7. The driving adapter of claim 6, wherein an external diameter of the elastic retainer is larger than a diametric dimension of the projection.

8. The driving adapter of claim 6, wherein an external diameter of the elastic retainer is smaller than the diametric dimension of the insertion portion.

9. The driving adapter of claim 6, wherein the projection is cylindrical.

10. The driving adapter of claim 9, wherein a diametric dimension of the projection is smaller than the diametric dimension of the insertion portion.

11. The driving adapter of claim 1, wherein the socket portion is cylindrical.

12. The driving adapter of claim 1, wherein the socket portion further includes four inner sidewalls defining the connection hole and a guiding portion located at a side of the connection hole adjacent to an end surface of the socket portion, and at least two of the four inner sidewalls opposite to each other respectively have a restricting groove spaced apart from the guiding portion and radially disposed thereon.
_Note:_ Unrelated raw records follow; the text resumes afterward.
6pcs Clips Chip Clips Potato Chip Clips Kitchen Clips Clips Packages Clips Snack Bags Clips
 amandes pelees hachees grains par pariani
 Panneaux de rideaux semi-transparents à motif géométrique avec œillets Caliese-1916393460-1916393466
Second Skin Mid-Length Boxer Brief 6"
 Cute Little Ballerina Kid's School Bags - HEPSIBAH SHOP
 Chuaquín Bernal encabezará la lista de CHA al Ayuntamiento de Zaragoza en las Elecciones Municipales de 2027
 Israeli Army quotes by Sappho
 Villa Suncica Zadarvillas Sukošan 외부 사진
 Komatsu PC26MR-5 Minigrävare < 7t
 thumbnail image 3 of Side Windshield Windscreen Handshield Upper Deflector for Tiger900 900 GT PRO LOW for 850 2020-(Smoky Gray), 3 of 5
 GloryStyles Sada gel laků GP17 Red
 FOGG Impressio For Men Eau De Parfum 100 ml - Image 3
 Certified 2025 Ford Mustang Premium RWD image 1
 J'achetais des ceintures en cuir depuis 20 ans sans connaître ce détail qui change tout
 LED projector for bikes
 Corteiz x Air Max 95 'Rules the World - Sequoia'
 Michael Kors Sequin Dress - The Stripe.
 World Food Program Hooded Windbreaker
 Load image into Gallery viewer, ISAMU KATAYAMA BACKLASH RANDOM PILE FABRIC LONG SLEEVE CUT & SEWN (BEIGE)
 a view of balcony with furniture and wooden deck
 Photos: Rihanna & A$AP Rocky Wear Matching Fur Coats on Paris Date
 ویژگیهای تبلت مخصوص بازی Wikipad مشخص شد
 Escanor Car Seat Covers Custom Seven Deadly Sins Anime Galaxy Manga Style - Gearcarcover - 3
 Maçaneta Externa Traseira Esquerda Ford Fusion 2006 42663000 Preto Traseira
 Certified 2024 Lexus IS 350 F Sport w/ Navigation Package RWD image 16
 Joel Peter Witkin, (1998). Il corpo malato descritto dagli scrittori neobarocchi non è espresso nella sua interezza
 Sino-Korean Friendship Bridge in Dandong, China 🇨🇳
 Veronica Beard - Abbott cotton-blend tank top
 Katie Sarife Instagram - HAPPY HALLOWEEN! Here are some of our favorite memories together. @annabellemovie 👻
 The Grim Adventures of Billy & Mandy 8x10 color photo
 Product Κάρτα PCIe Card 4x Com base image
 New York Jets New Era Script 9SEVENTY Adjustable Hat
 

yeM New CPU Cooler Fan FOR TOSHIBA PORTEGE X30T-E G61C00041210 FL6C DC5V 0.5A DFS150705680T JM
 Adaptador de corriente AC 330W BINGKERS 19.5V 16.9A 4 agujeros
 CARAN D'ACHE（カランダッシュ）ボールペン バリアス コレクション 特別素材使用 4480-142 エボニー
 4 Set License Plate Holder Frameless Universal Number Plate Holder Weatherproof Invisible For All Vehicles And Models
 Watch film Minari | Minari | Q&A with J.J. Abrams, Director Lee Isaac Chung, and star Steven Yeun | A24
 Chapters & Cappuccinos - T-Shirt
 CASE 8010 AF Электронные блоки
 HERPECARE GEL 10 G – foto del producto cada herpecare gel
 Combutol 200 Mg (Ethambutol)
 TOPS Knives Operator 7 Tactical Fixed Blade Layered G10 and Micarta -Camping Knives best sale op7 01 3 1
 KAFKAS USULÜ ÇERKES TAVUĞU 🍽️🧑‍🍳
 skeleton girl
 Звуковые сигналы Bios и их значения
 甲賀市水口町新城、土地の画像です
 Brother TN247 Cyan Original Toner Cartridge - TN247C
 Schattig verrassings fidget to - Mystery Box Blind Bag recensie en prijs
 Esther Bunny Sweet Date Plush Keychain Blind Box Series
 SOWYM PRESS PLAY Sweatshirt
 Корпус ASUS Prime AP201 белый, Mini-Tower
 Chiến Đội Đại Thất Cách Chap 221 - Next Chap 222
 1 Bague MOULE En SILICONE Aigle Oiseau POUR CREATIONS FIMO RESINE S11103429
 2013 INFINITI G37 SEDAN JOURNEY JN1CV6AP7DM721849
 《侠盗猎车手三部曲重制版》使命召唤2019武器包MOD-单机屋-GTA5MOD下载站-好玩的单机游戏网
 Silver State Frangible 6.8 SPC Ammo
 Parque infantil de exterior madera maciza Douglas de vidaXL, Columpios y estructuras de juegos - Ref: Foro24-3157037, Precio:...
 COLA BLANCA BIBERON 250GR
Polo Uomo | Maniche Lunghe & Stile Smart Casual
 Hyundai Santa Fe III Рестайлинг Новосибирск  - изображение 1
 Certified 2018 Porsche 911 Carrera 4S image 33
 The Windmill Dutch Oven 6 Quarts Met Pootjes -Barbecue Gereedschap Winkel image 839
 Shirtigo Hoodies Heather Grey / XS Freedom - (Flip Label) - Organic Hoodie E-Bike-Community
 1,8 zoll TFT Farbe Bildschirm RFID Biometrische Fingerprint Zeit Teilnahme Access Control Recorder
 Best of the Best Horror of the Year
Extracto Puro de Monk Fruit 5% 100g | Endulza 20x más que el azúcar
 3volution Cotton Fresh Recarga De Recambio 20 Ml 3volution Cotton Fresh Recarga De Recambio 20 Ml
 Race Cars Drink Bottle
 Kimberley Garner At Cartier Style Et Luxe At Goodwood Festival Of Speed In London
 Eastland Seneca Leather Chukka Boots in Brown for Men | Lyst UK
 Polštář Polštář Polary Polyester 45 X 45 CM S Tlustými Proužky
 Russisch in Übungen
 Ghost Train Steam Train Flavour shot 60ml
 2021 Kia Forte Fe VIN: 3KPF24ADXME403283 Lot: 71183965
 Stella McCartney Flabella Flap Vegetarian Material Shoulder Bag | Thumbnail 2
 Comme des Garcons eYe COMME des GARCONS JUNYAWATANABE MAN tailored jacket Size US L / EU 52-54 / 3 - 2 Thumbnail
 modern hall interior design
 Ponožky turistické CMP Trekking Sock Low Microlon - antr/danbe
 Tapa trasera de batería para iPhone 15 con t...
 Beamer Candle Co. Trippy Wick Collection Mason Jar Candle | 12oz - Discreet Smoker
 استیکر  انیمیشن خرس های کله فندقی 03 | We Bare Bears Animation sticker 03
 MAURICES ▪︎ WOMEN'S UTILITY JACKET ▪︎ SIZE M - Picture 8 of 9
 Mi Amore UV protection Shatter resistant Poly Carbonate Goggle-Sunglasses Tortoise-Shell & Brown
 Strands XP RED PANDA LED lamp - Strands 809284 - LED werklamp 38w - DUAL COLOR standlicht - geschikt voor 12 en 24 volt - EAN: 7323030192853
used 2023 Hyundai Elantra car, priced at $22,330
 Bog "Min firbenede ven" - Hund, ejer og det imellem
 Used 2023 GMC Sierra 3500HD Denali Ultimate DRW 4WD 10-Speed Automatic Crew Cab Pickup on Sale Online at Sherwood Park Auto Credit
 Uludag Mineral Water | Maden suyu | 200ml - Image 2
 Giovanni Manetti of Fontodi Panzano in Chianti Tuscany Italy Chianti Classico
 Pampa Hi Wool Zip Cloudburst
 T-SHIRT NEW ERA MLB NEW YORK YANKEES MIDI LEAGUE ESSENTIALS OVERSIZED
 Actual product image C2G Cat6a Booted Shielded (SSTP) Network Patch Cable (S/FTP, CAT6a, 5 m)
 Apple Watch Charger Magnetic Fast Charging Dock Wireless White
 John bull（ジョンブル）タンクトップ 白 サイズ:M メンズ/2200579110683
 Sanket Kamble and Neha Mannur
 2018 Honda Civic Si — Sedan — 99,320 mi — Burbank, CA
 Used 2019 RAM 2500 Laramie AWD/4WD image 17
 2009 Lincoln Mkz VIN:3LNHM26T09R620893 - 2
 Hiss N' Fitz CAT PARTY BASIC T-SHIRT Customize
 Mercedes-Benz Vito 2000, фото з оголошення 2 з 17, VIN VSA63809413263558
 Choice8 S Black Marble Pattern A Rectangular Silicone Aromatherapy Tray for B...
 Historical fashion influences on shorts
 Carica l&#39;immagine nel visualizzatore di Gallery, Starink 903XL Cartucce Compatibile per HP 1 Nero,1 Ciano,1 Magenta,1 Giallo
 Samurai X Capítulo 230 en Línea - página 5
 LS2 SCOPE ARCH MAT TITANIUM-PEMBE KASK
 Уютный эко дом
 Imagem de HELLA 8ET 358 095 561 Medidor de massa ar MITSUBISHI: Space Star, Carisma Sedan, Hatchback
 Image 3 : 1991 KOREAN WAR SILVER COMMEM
13. The driving adapter of claim 12, wherein the guiding portion includes at least one first inclined surface extending inwardly from the end surface and at least one second inclined surface adjacently connected with the at least one first inclined surface, and the at least one first inclined surface and the at least one second inclined surface are oblique relative to the axial direction.

14. The driving adapter of claim 2, wherein the elastic retainer is a C-shaped retainer; an internal diameter the elastic retainer is larger than a diametric dimension of an annular bottom face of the annular groove; the annular groove is disposed at an end of the projection toward the socket portion; an external diameter of the elastic retainer is larger than a diametric dimension of the projection; the external diameter of the elastic retainer is smaller than the diametric dimension of the insertion portion; the projection is cylindrical; the diametric dimension of the projection is smaller than the diametric dimension of the insertion portion; the socket portion is cylindrical; the elastic retainer has a circular cross-section; and the diametric dimension of the insertion portion is smaller than a diametric dimension of the socket portion.

15. The driving adapter of claim 3, wherein the socket portion is cylindrical.

16. The driving adapter of claim 3, wherein the elastic retainer is a C-shaped retainer; an internal diameter the elastic retainer is larger than a diametric dimension of an annular bottom face of the annular groove; the annular groove is disposed at an end of the projection toward the socket portion; an external diameter of the elastic retainer is larger than a diametric dimension of the projection; the external diameter of the elastic retainer is smaller than the diametric dimension of the insertion portion; the projection is cylindrical; the diametric dimension of the projection is smaller than the diametric dimension of the insertion portion; the socket portion is cylindrical; the elastic retainer has a circular cross-section; and the diametric dimension of the insertion portion is smaller than a diametric dimension of the socket portion.